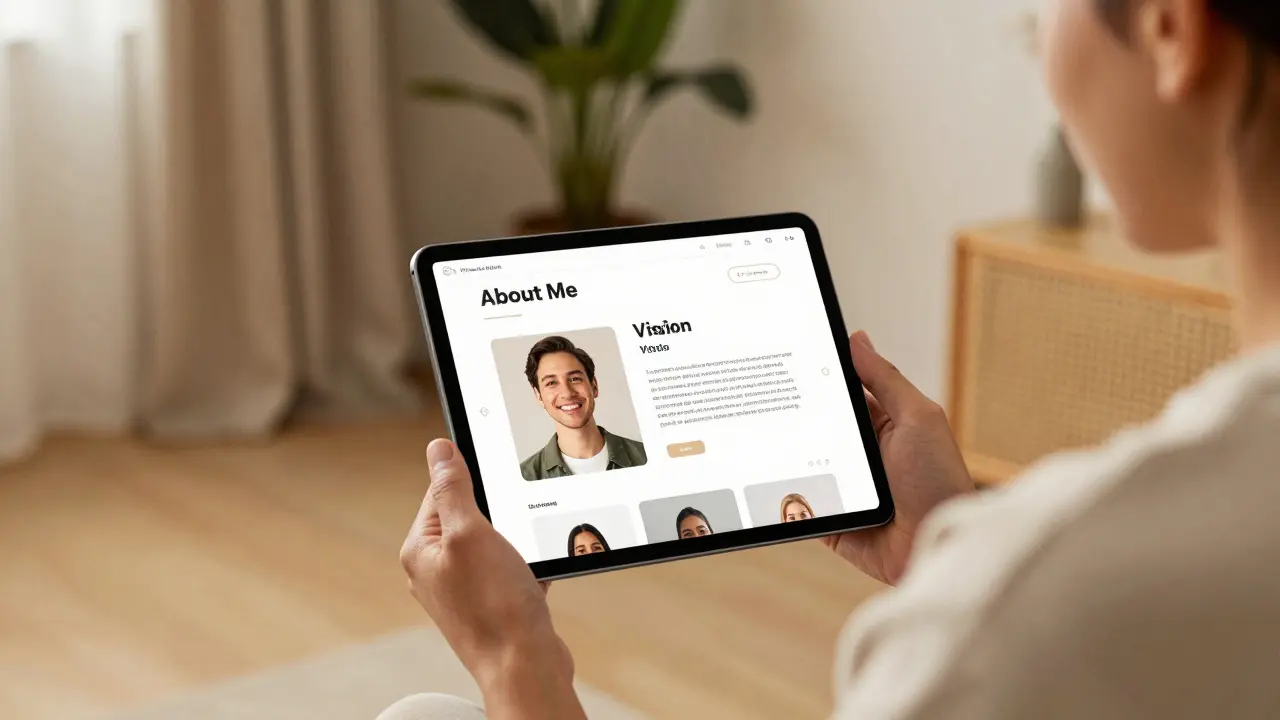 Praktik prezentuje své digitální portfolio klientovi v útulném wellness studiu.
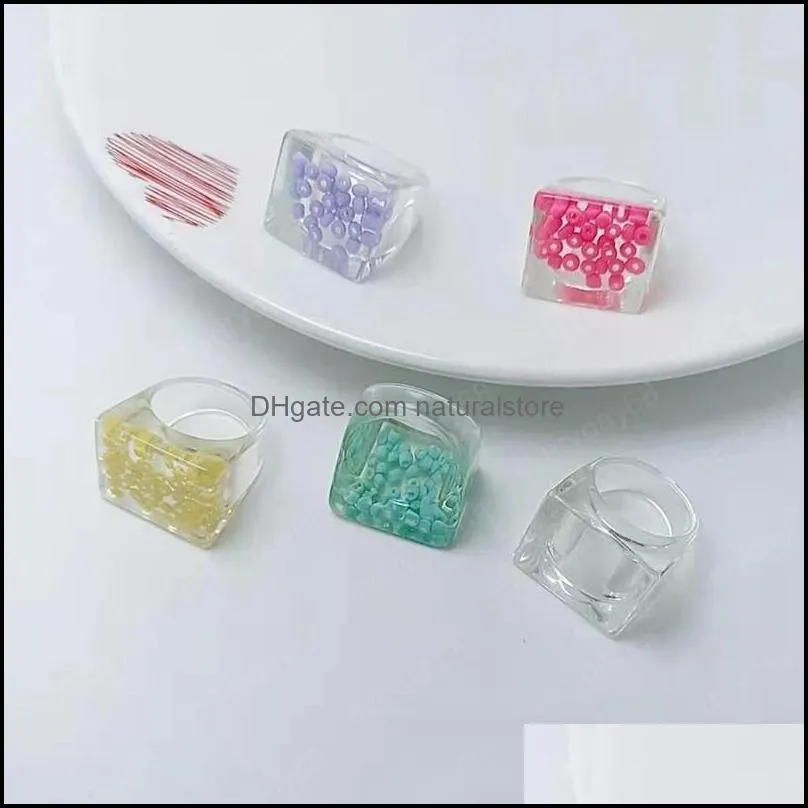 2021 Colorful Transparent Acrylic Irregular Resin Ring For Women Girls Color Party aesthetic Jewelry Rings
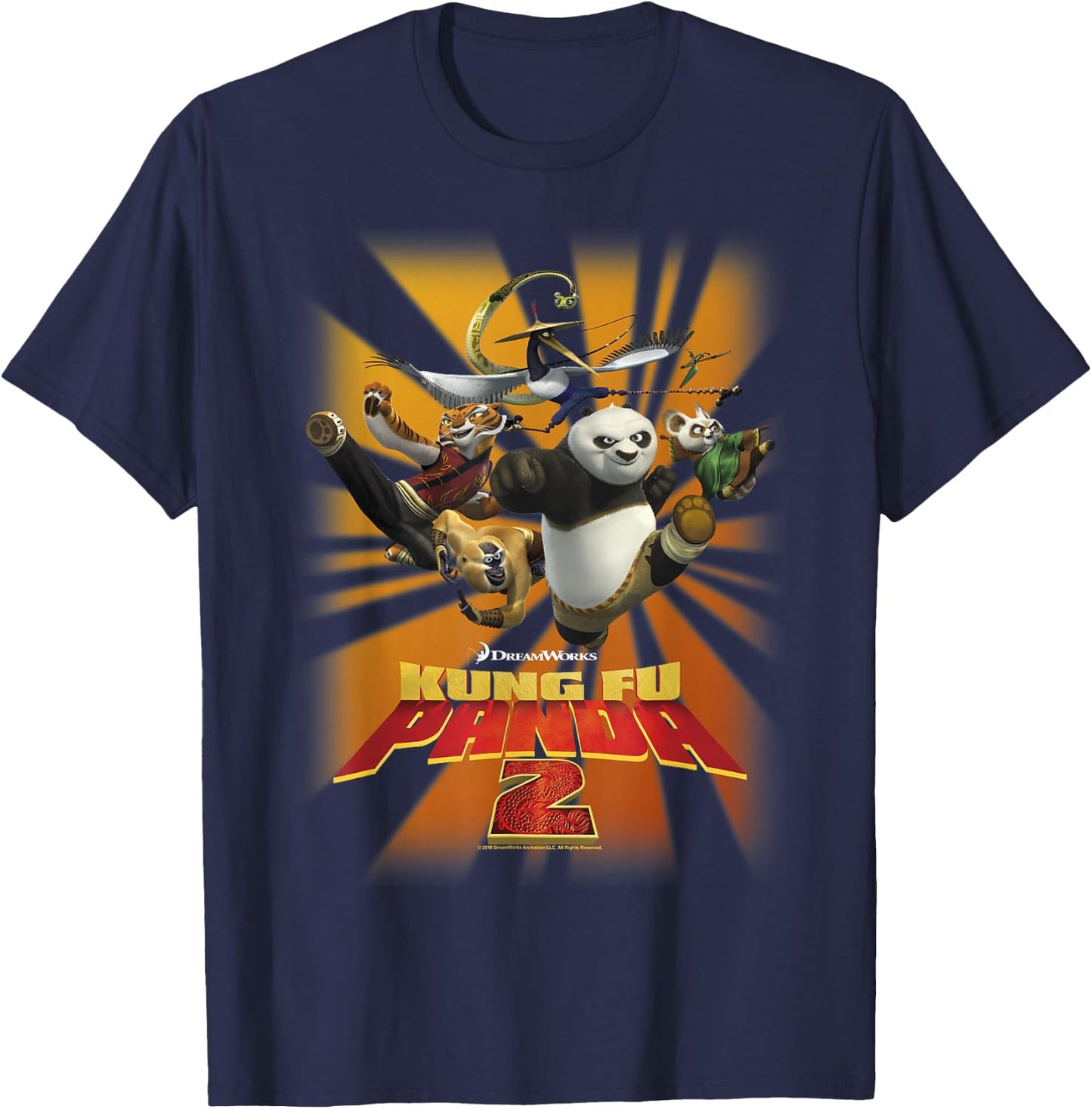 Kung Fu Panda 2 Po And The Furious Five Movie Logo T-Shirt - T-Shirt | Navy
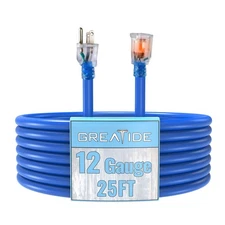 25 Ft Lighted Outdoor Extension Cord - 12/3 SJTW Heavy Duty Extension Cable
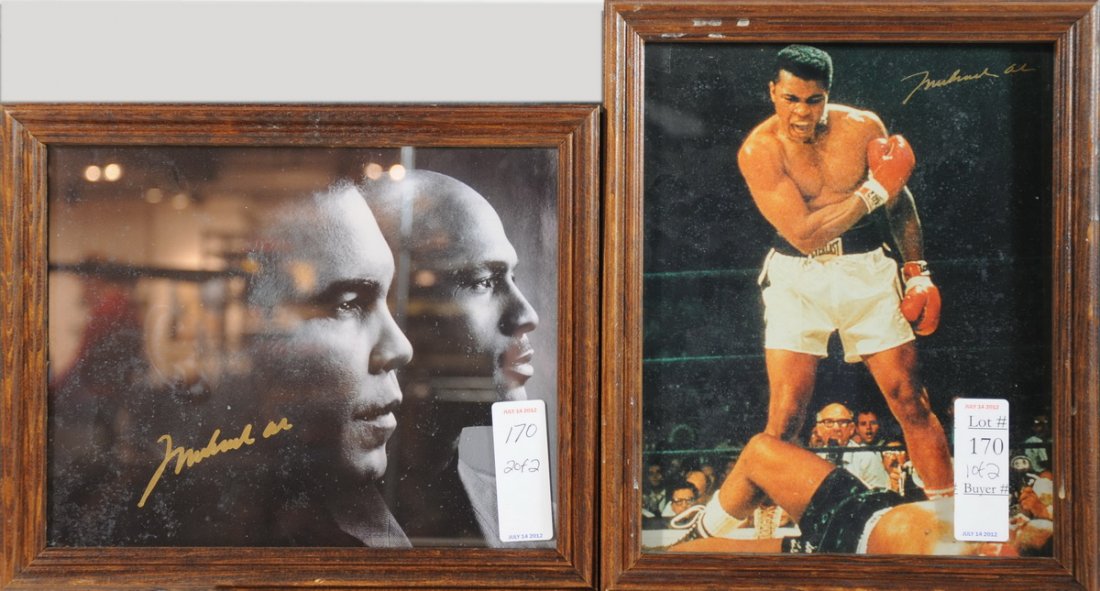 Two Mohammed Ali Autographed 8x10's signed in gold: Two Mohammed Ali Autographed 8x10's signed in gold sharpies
········
DESCRIPTION OF THE TASK
Output the records above exactly, leaving out pictures.

ANSWER SPACE
 Praktik prezentuje své digitální portfolio klientovi v útulném wellness studiu.
 2021 Colorful Transparent Acrylic Irregular Resin Ring For Women Girls Color Party aesthetic Jewelry Rings
 Kung Fu Panda 2 Po And The Furious Five Movie Logo T-Shirt - T-Shirt | Navy
 25 Ft Lighted Outdoor Extension Cord - 12/3 SJTW Heavy Duty Extension Cable
 Two Mohammed Ali Autographed 8x10's signed in gold: Two Mohammed Ali Autographed 8x10's signed in gold sharpies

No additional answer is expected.